▶ Records contained in a dataset
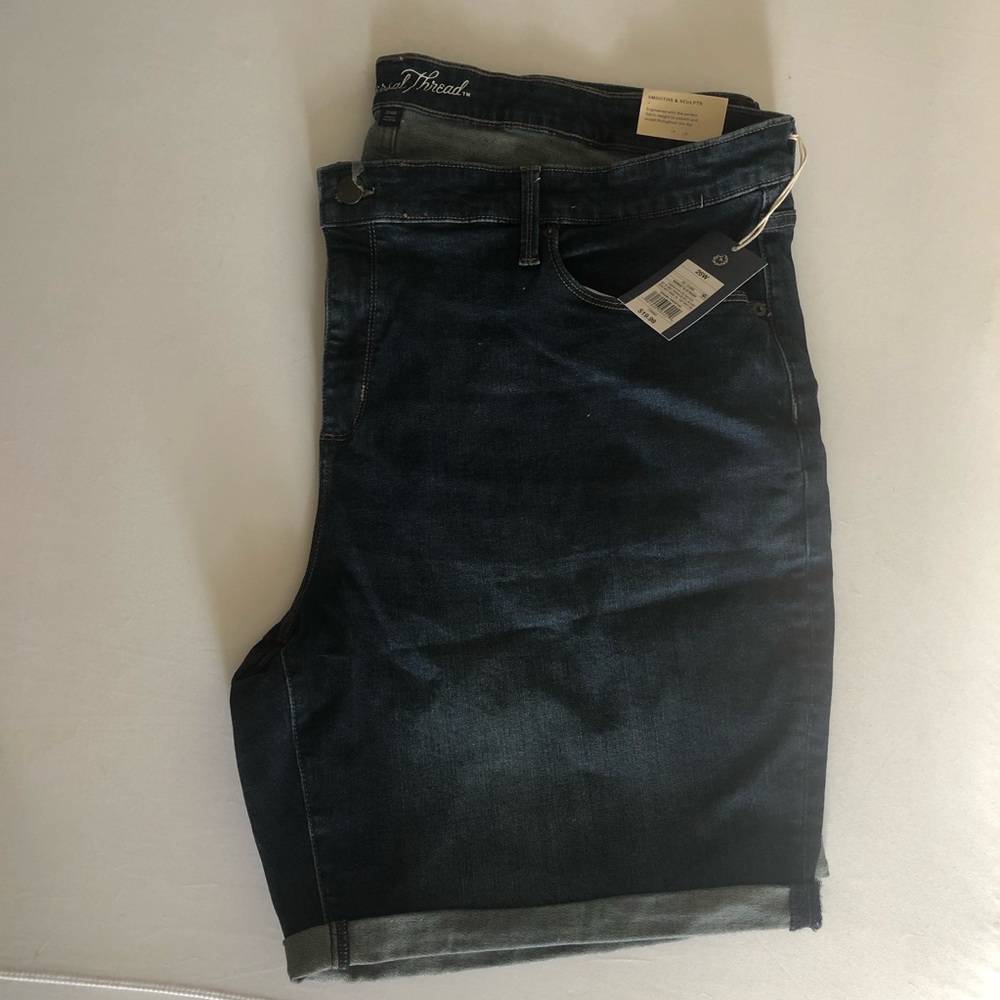 Universal Thread - mid rise Bermuda short NWT
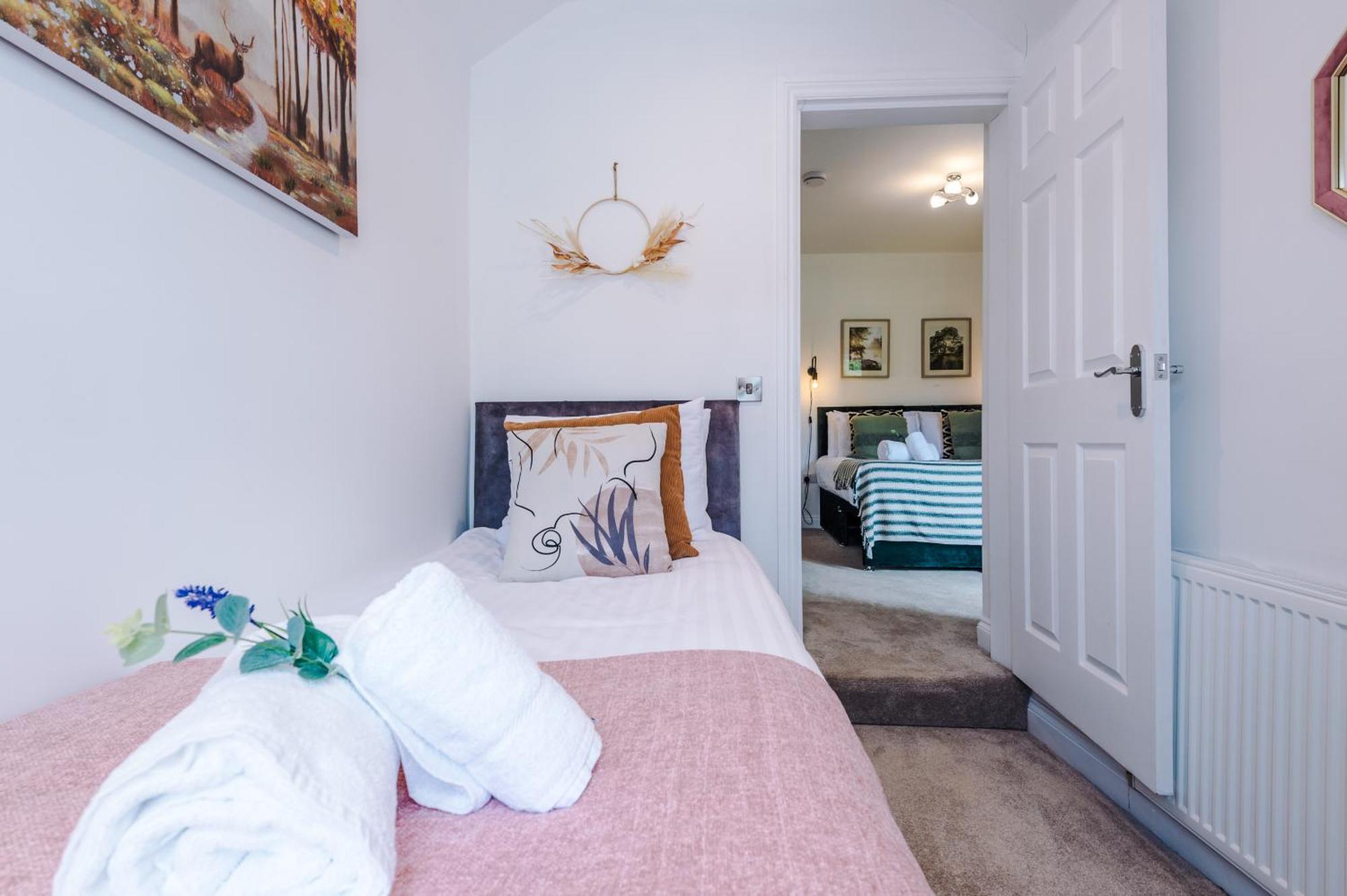 Spacious 3-Bed Home In Nantwich By 53 Degrees Property - Amazing Location, Ideal For Groups - Sleeps 6 Экстерьер фото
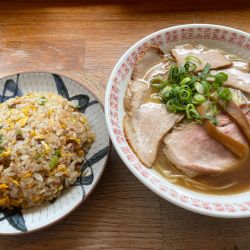 中華そば+炒飯ハーフ@900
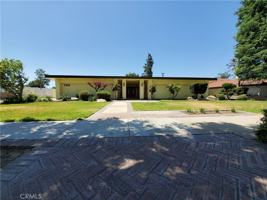 featured image of 588 W 17th St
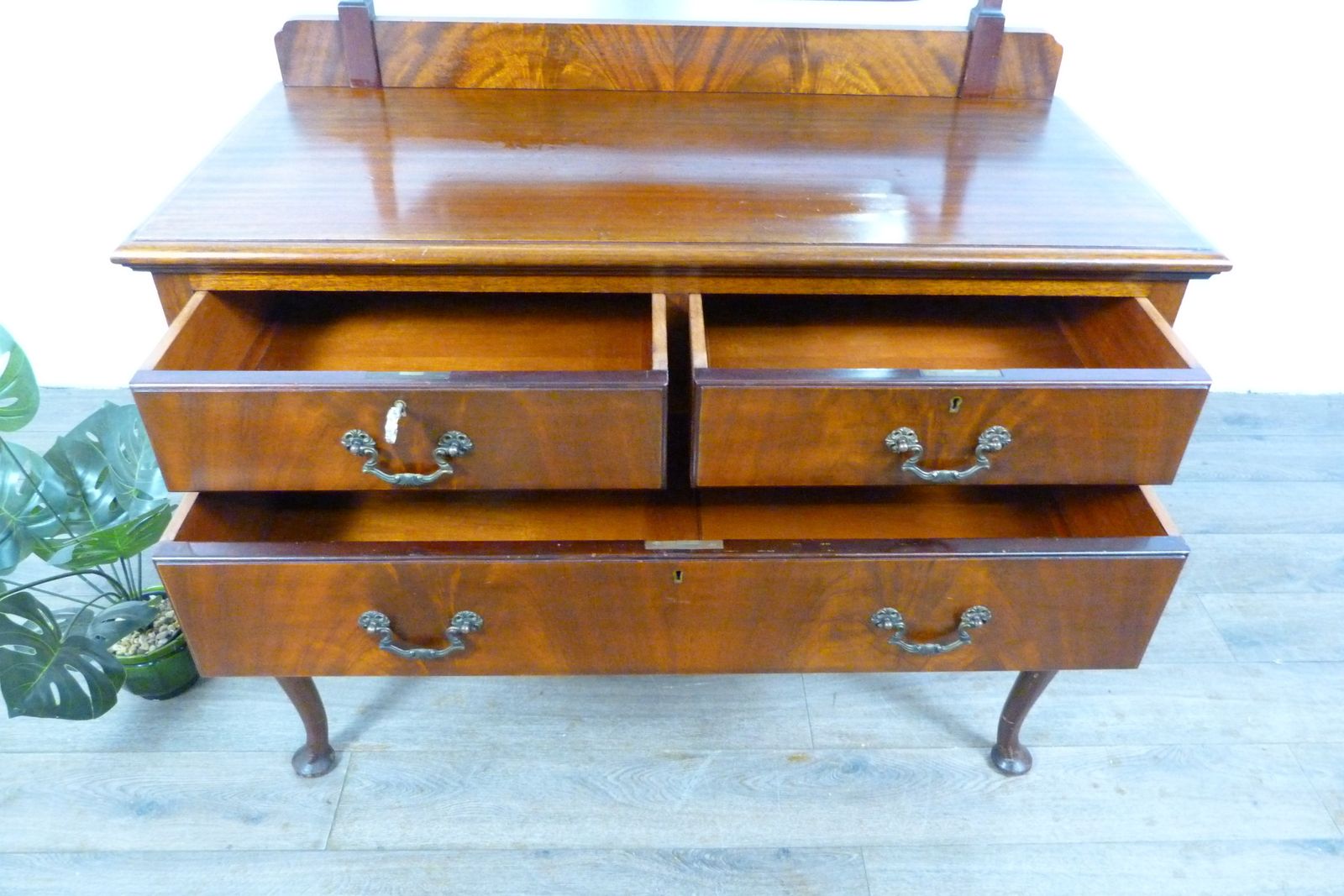 Furniture Early 20th Century Mahogany Dressing Table On Cabriolet Legs photo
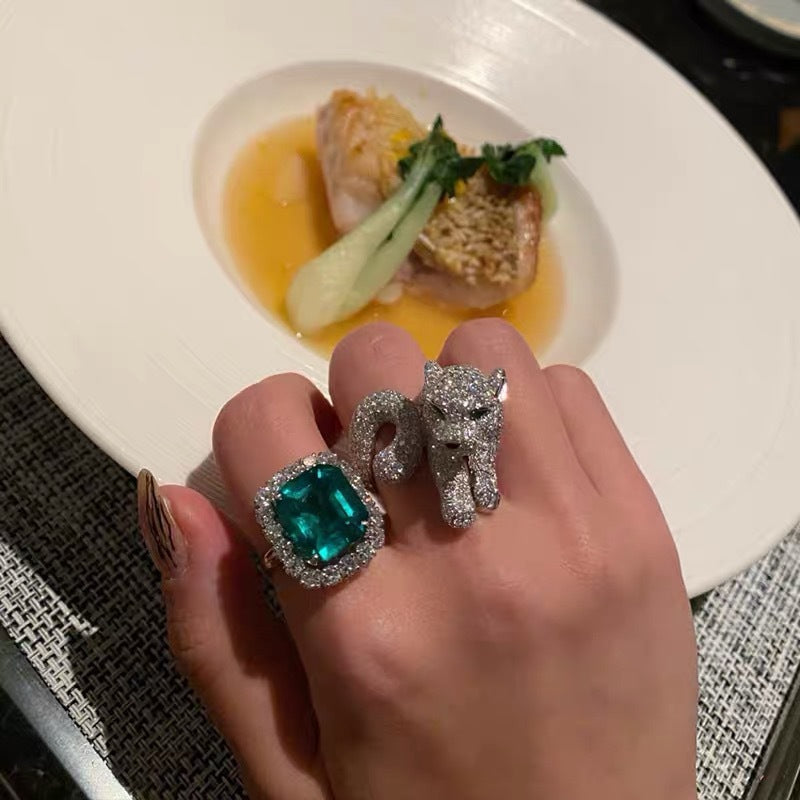 French Vintage Emerald Ring With Luxurious Temperament
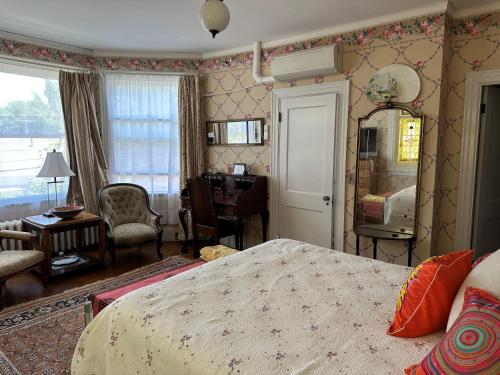 Munroe Inn Boutique Hotel - image 36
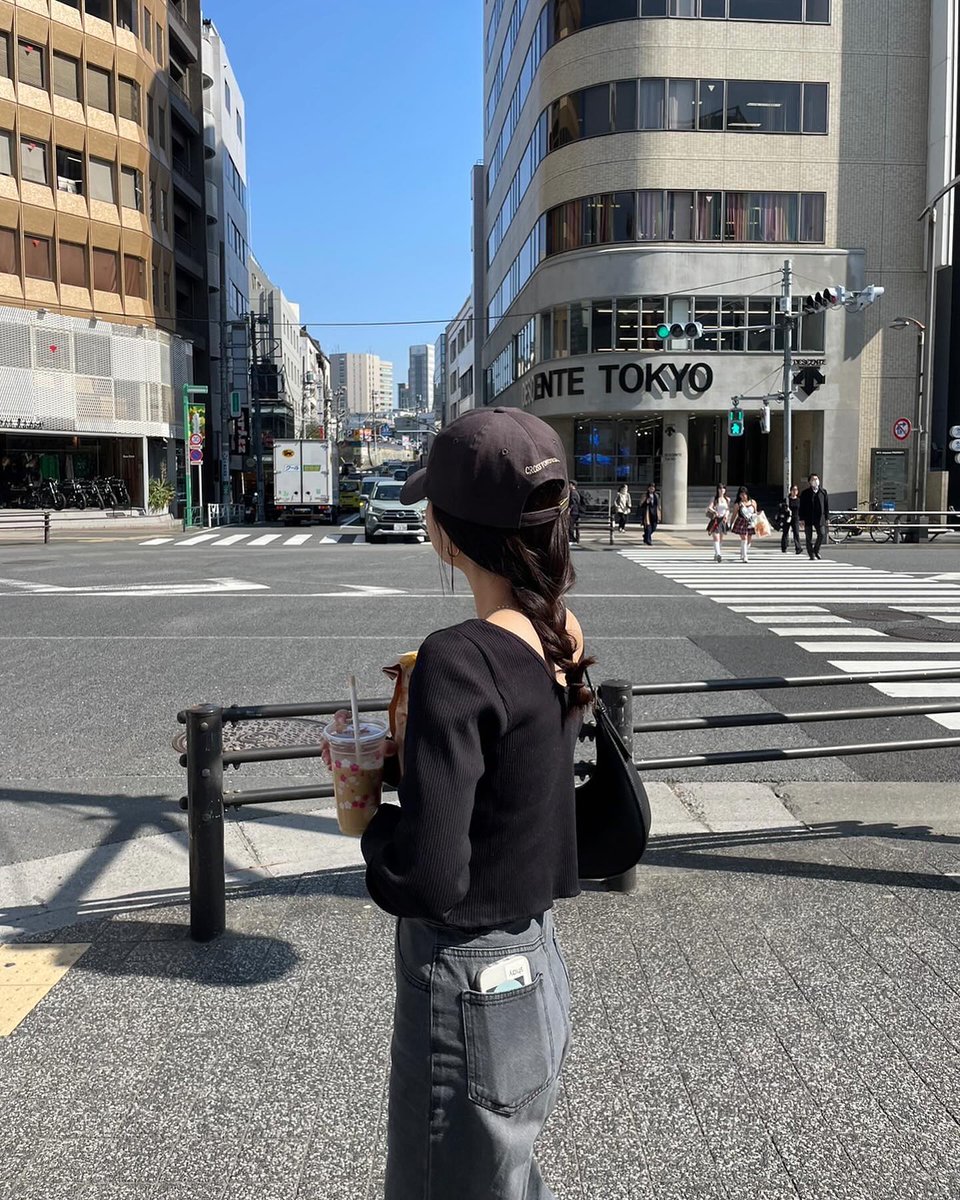 EdmundBhatg2's tweet photo. Top of the morning! 🚀 You should know that you’ve got a spark in you—let it light up the path ahead. 🌈
GPvKw https://t.co/lxwdPmdsOX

▶ Your objective
Each record above must be retyped exactly, minus its pictures.

▶ Task result
 Universal Thread - mid rise Bermuda short NWT
 Spacious 3-Bed Home In Nantwich By 53 Degrees Property - Amazing Location, Ideal For Groups - Sleeps 6 Экстерьер фото
 中華そば+炒飯ハーフ@900
 featured image of 588 W 17th St
 Furniture Early 20th Century Mahogany Dressing Table On Cabriolet Legs photo
 French Vintage Emerald Ring With Luxurious Temperament
 Munroe Inn Boutique Hotel - image 36
 EdmundBhatg2's tweet photo. Top of the morning! 🚀 You should know that you’ve got a spark in you—let it light up the path ahead. 🌈
GPvKw https://t.co/lxwdPmdsOX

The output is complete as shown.